Policy & Advocacy
Background on Social Safety Net, February 2019
Background on The Importance of the Social Safety Net, February 2019
As of this writing, the Federal Government is in its longest shutdown in decades. Disagreement in Congress and with the administration over funding for the border wall and how to finalize the remaining spending bills leaves many important federal programs without funding and many federal workers without pay. Additionally, in the coming months it is expected that for fiscal year 2020, budget caps are expected to compel the new Congress to seek significant cuts of approximately $36 billion to non-defense discretionary spending. There will be pressure to reduce funding for programs that serve the “least of these” at home and around the world impacting nutrition and affordable housing programs, among others. The U. S. Conference of Catholic Bishops strongly supports funding for domestic and international assistance for poverty-reducing programs as well as policies designed to address climate change. Congress and the administration must put aside partisanship and work for bipartisan solutions to avoid severe and unnecessary cuts to domestic and international programs that assist poor and vulnerable people, as well as support policies to combat climate change. Funding for these important programs both help people who continue to struggle to make ends meet and promote good stewardship of creation, truly serving the common good of all.
Overall Message
- Preserve and strengthen the social safety net: maintain funding for anti‑poverty programs, nutrition, affordable housing, and environmental protections.
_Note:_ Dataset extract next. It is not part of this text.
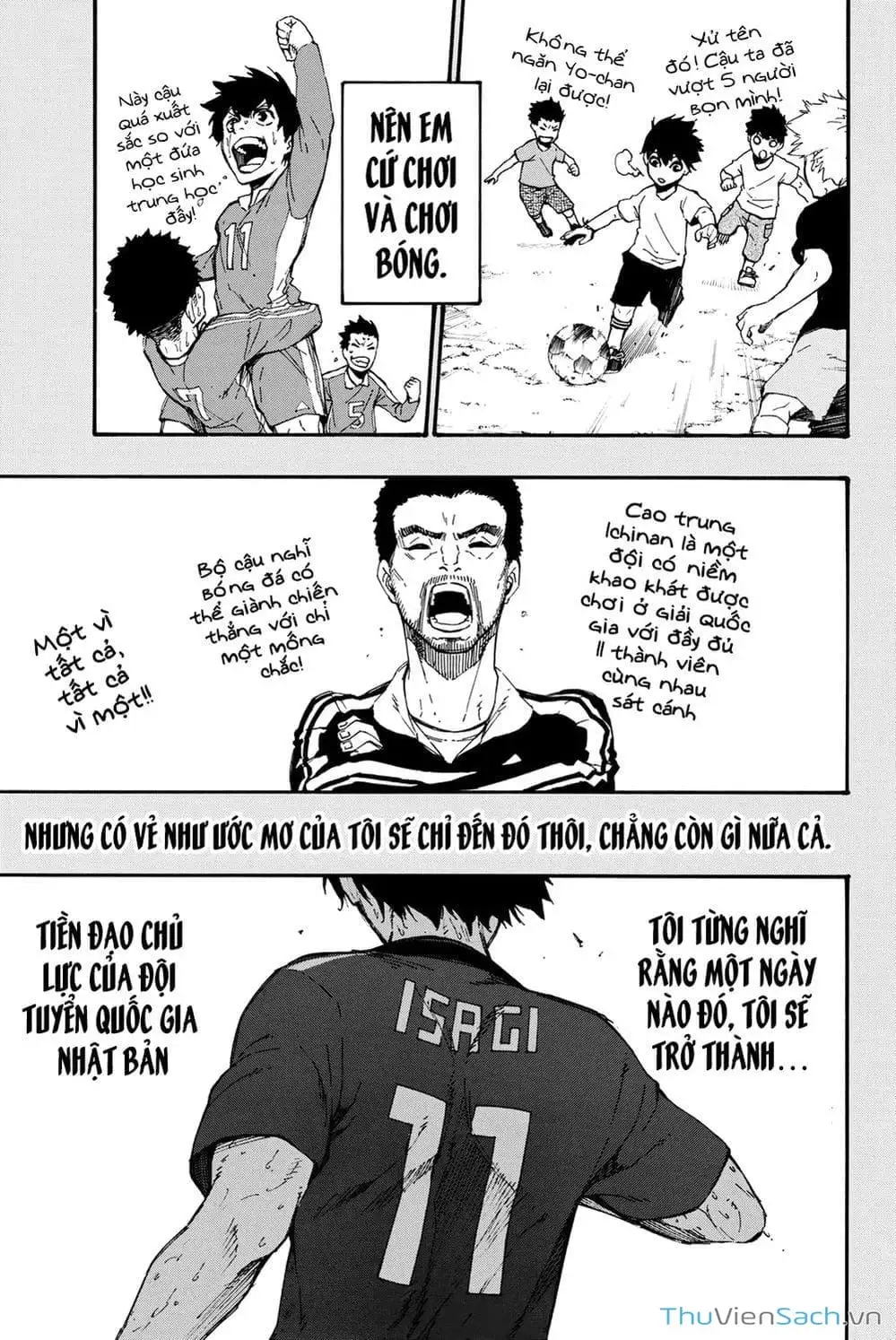 Truyện Tranh Tiền Đạo Số 1 - Blue Lock trang 5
- Frame these investments as moral obligations that protect human dignity, help those in need, and promote stewardship of creation.
Hunger and Nutrition
- Emphasizes the need to fully fund Agriculture, Rural Development, FDA, and related appropriations.
- Notes nearly 15 million Americans face food insecurity and many depend on SNAP, TEFAP, WIC, and other food‑assistance programs as essential lifelines.
Affordable Housing
- Declares an affordable housing crisis: rising rents, shrinking supply of low‑cost units, and only one in four eligible households receiving assistance.
- Calls to robustly fund HUD and USDA housing programs including HOME, CDBG, Rural Rental Housing, tenant and project‑based rental assistance, Public Housing, Section 202, Section 811, VASH, and McKinney‑Vento.
- Argues program budgets must increase to match rising costs and growing need.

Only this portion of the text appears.